Heterogeneous activation of peroxymonosulfate by GO-CoFe2O4 for degradation of reactive black 5 from aqueous solutions: Optimization, mechanism, degradation intermediates and toxicity

Abstract

The magnetic cobalt ferrite (CoFe2O4) loaded on graphene oxide (GO) was synthesized by the co-precipitation method and used to activate peroxymonosulfate (PMS) in the degradation of the reactive black 5 (RB5). The response surface methodology (RSM) was used to optimize the laboratory parameters and the interaction between them. The maximum degradation efficiency with R2 > 99% was obtained at pH of 7, the GO-CoFe2O4 dose of 125 mg/L, the RB5 concentration of 50 mg/L, the PMS dose of 2.49 mM, and the reaction time of 3.49 min. Under optimal conditions, the degradation efficiency of the PMS/GO-CoFe2O4 process (100%) was much higher than that of GO (33%), GO-CoFe2O4 (43.12%), and PMS (14.05%) at 30 min. The RB5 degradation rate was improved with temperature, and the activation energy was calculated to be 12.47 kJ/mol. Nitrate and carbonate reduced the degradation efficiency of RB5 by reacting with the main radicals. The PMS/GO-CoFe2O4 system showed good performance for the treatment of raw water.
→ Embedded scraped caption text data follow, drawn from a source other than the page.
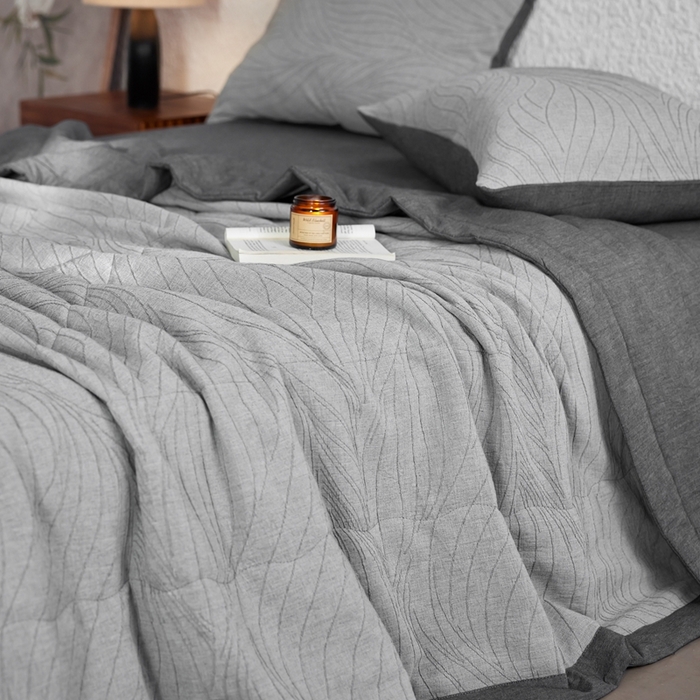 91家纺网 家纺一手货源 找家纺 2024新款色织双层纱提花波浪三系列夏被及夏被四件套--乱纹波浪 乱纹-深灰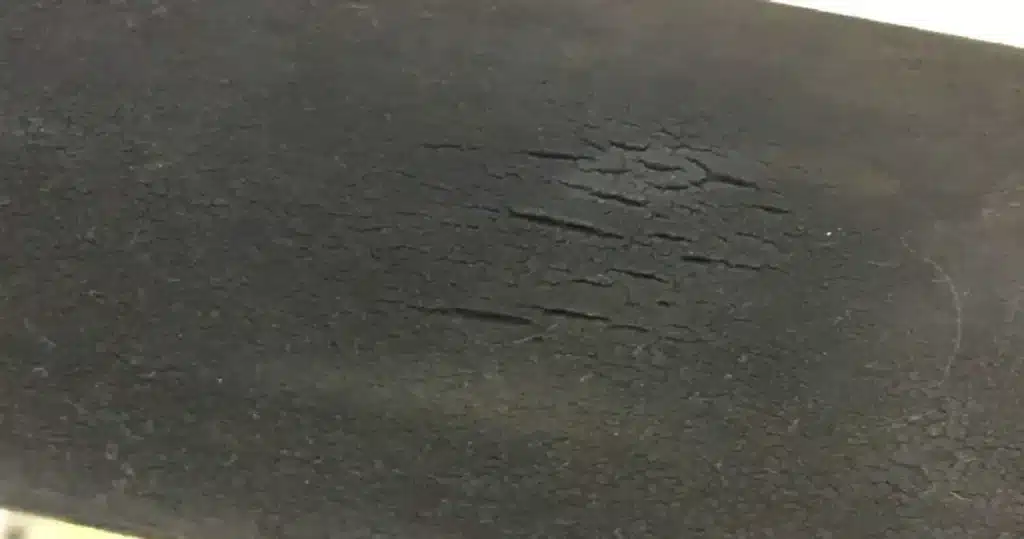 track feeder cable with problem Splitting of sheath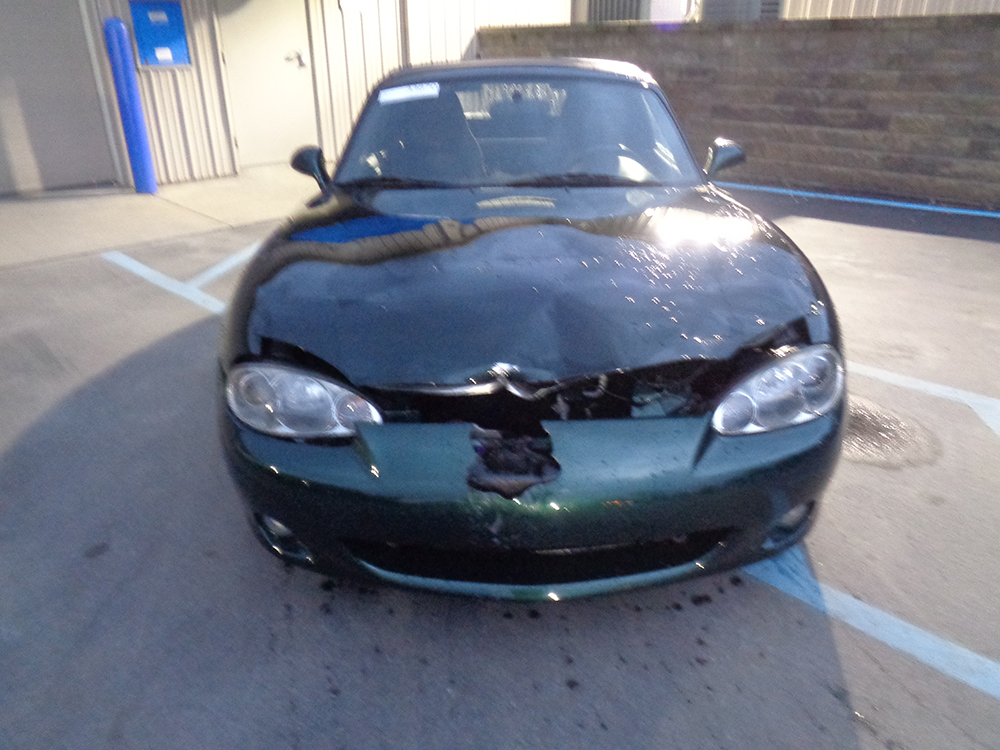 
								MAZDA MX-5 MIATA full									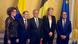 Jhoana Delgado Gaitán (izq.), viceministra de Promoción de la Justicia, e Iván Velásquez (centro), ministro de Defensa de Colombia, posan junto a otras autoridades con las banderas europea y colombiana detrás. Jhoana Delgado Gaitán (izq.), viceministra de Promoción de la Justicia, e Iván Velásquez (centro), ministro de Defensa de Colombia, posan junto a otras autoridades con las banderas europea y colombiana detrás.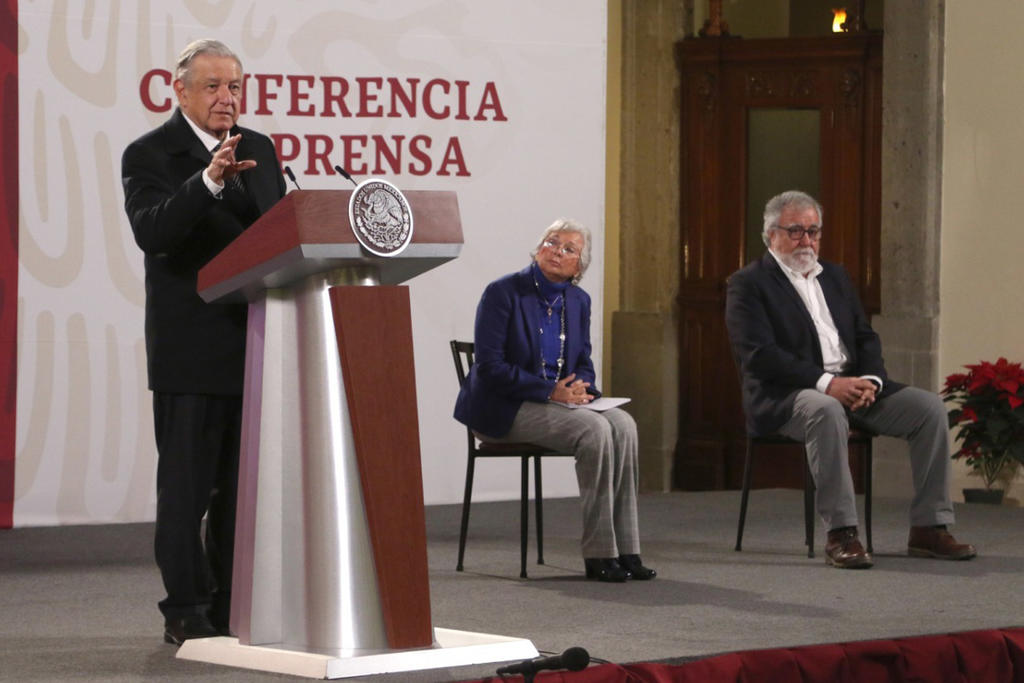 López Obrador manifestó que si hay alguna irregularidad se revisará, pues aseguró que en su gobierno debe de dar el ejemplo. (EL UNIVERSAL)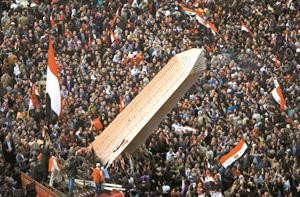 عشرات الالوف يرفعون مسلة في ميدان التحرير مكتوب عليها اسماء شهداء ثورة يناير 
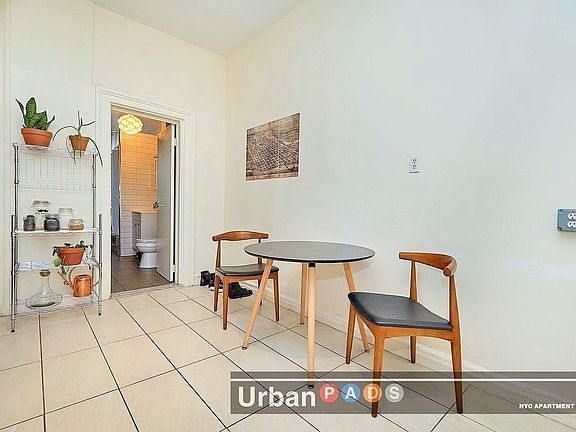 5th image of 334 Hart St #4E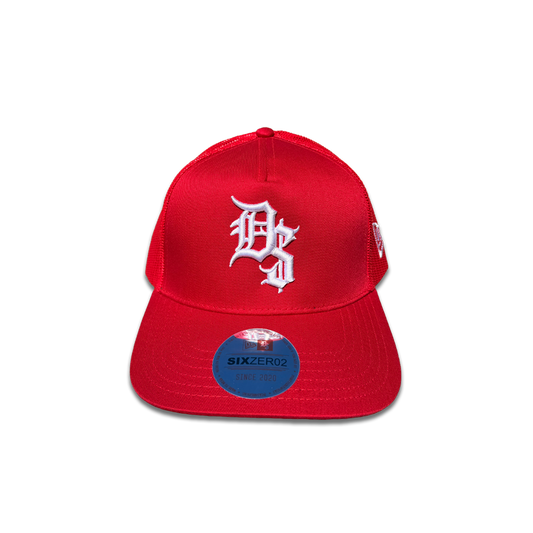 D$ HAT (RED)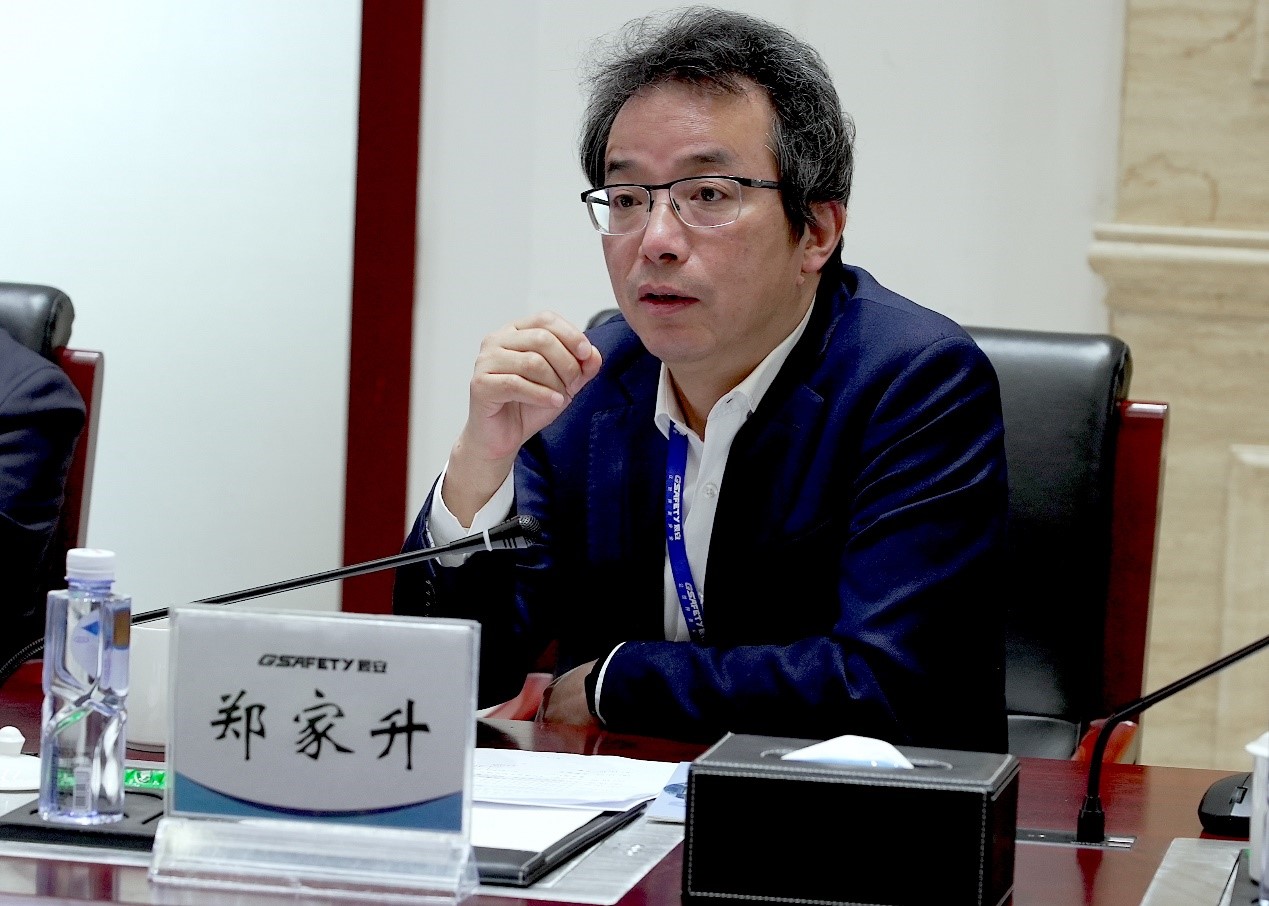 深圳市宝安区向导一行考察调研利来老牌国际官网app科技 深圳市宝安区向导一行考察调研利来老牌国际官网app科技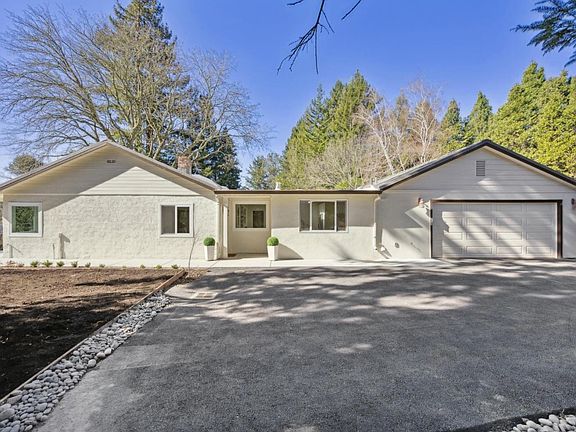 2nd image of 22430 Summit Rd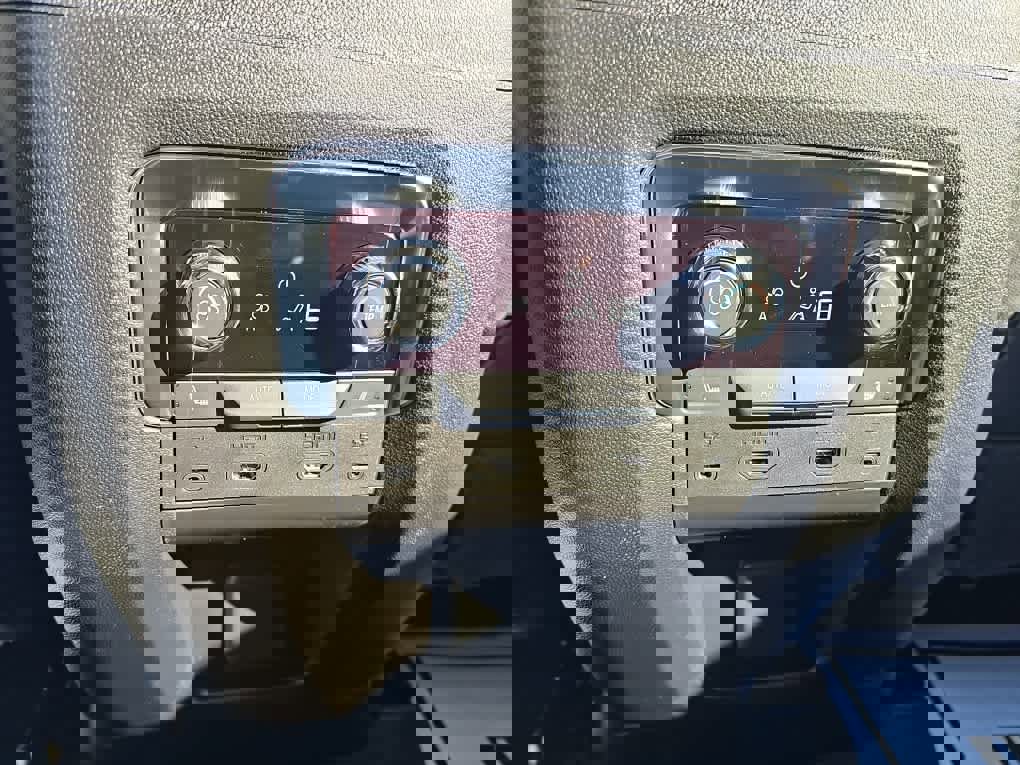 New 2026 Chevrolet Suburban Premier image 27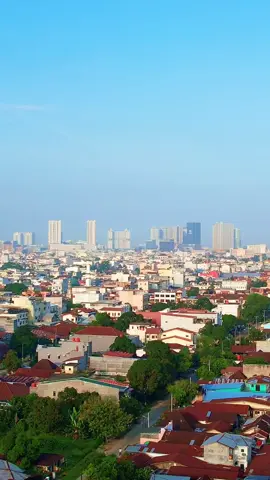 Mau mudik ke kampung eh lupa kalau asli medan 😂  Anak Rantau yg rindu medan mana nih suaranya ?? Udah di kampung halaman masing” belum.  #lebaran #idulfitri #1445 #ramadhan #drone #dji #avata #djimavic #djiavata #medan #dronemedan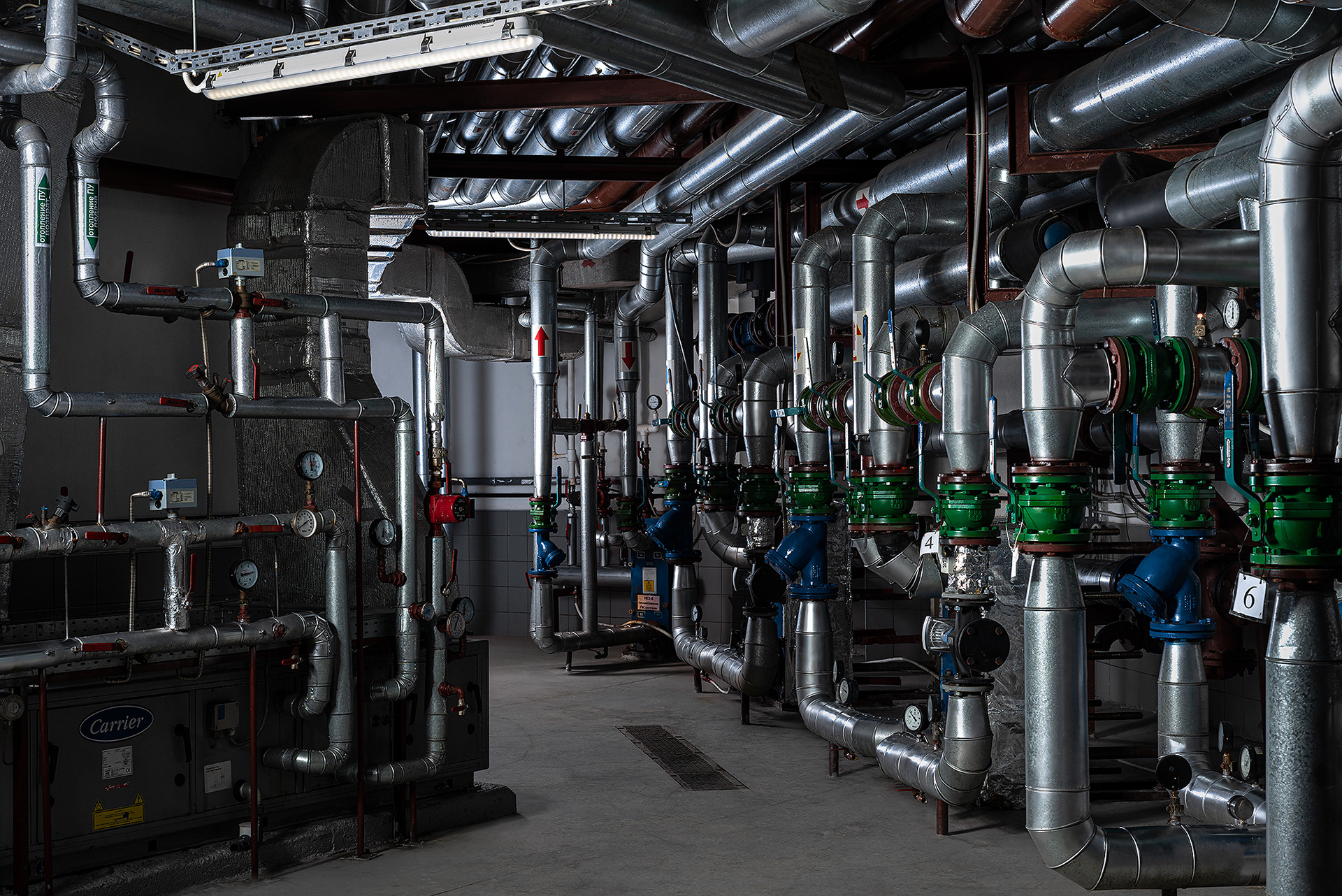 Профессиональная съемка технического помещения в Екатеринбурге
However, it does require a longer treatment time for real wastewater. GO-CoFe2O4 showed excellent stability and reusability in five consecutive reaction cycles to remove chemical oxygen demand (COD) and total organic carbon (TOC). The proposed PMS activation mechanism based on scavenging experiments showed that SO4•- plays a dominant role in the RB5 degradation. The gas chromatography–mass spectrometry (GC–MS) analysis showed that RB5 was degraded through the pathways, including desulfonation, dechlorination, deamination, hydroxylation, dehydrogenation, and chain/ring cleavage. Toxicity tests were performed with Daphnia pulex, and the results showed that the treated effluent required more catalytic treatment and better stabilization due to the presence of cobalt ions and intermediates.